On the outskirts of both Kensington and Chinatown , Clubhouse has the unenviable task of standing out amongst a bevy of other inexpensive destinations that are popular in the area: Fancy Franks , Caplansky's , Romeo's Juice Bar , The Grilled Cheese , to name but a a few. Luckily, its immediate neighbours are of the franchise fast-food variety where attention to ingredients is all but absent. Smart then that Clubhouse found just the right niche to hem in any gourmet gaps outstanding at this intersection.
At the owner's behest, I ordered their pork chop sandwich ($7), a go-to now for many return customers. Cooked fresh to order, a marinated slab of pork is grilled, diced into cubes, and then served on a lovely bun that kept the mound of caramelized onions and herb aioli spread where it belonged.
Toppings-wise, the sugary notes of the onions muted any herb lustre that might've been there. I will say I thought the inclusion of pork skin cracklin was a nice touch, a crispy complement instead of centrepiece as is the case at the somewhat overrated Porchetta & Co . What's more, the near boulder-sized slabs of hand-cut Yukon Gold fries ($4) alone may be enough to encourage repeat visits.
I'm hoping it's a one-time occurrence, but for the pork sandwich as well as the smoked chicken offering ($7) I tried, I felt that the meat should've been hotter. If they want to compete with the diehard fan base of the relatively close Come and Get It and Banh Mi Boys , they'll have to remedy this crucial shortcoming.
Compared to the pork, their smoked chicken product was less satisfying on all counts. For one thing, the name's misleading: I didn't taste any distinct smoke tones, so I think the pickled chilli mop sauce makes it more properly a barbecued chicken sandwich. Also, while fried battered avocado bits are a neat idea, they work better for me as a side than topping. On sandwiches, I want my avocado to melt to a buttery slick, fusing where it may with the cuts of meat.

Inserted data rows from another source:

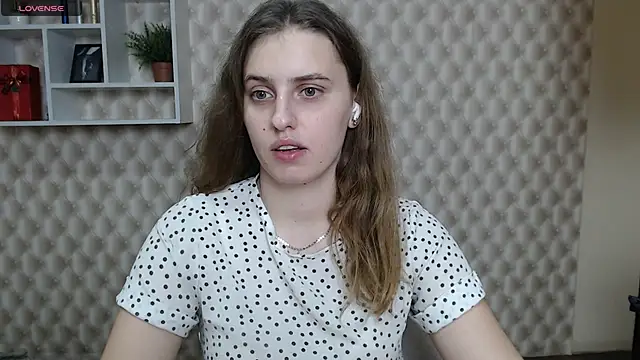 AmandaDimond  online show from November 25, 2025, 12:16 pm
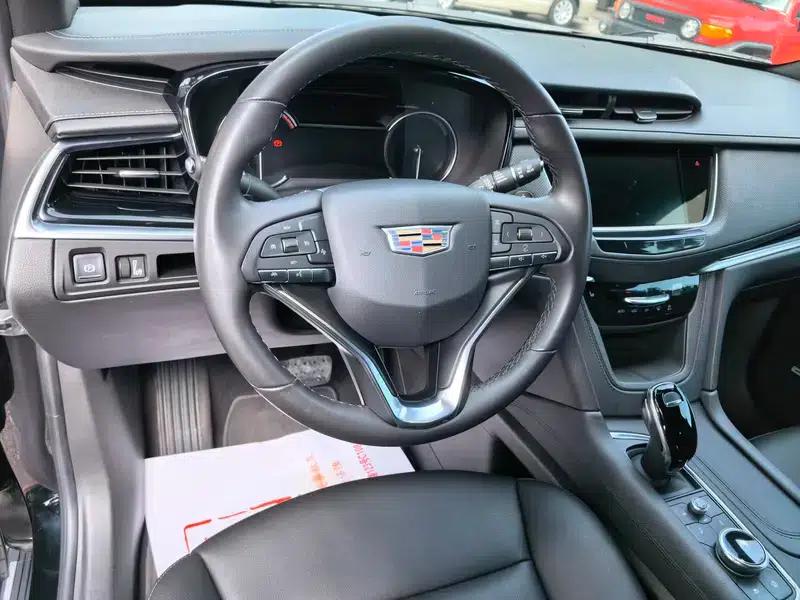 Cadillac XT6 2021 2.0T Mild Hybrid Six-Seat AWD Fashion Model — миниатюра 18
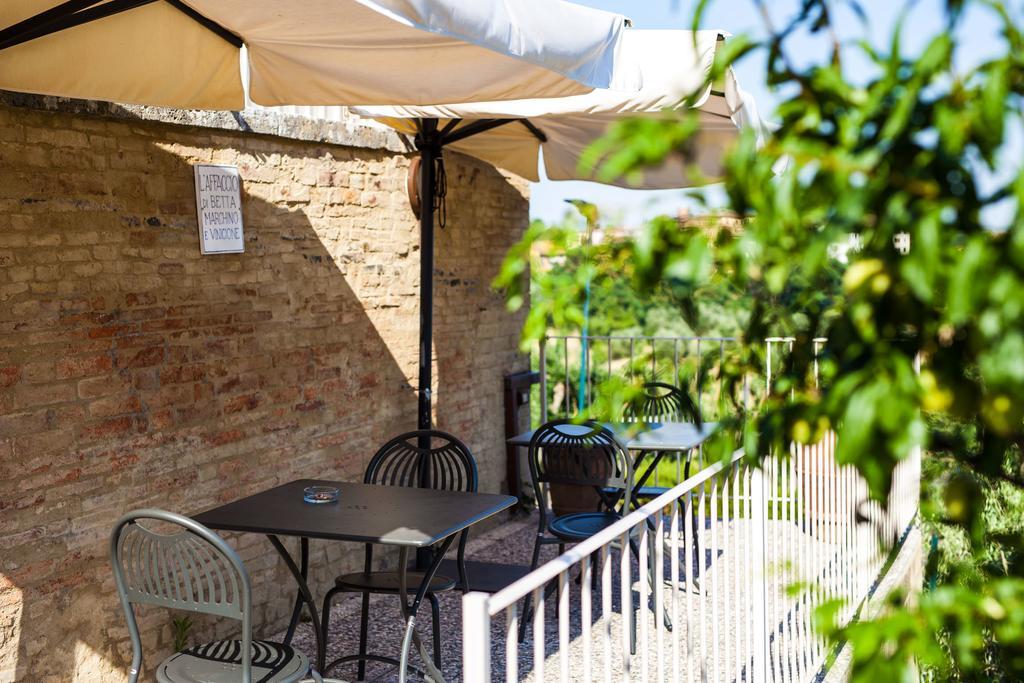 Hotel Porta Romana Siena Exterior photo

I also found that the chimichurri lacked punch and the chicken itself was rather dry and not even the chicken and pork cracklin could really save it from being simply flat. I wanted this number to be much tastier and more tender than it was, but given that the pork sandwich was both of these things, I'd definitely give it a second chance. Moreover, given the strong start to the meal and the excellent fries, I'll be back to try their beer battered fried fish sandwich ($11) which seems more straightforward with its lettuce, tomatoes, and tartar sauce, though I worry the smoked mayo might make it a bit too saucy.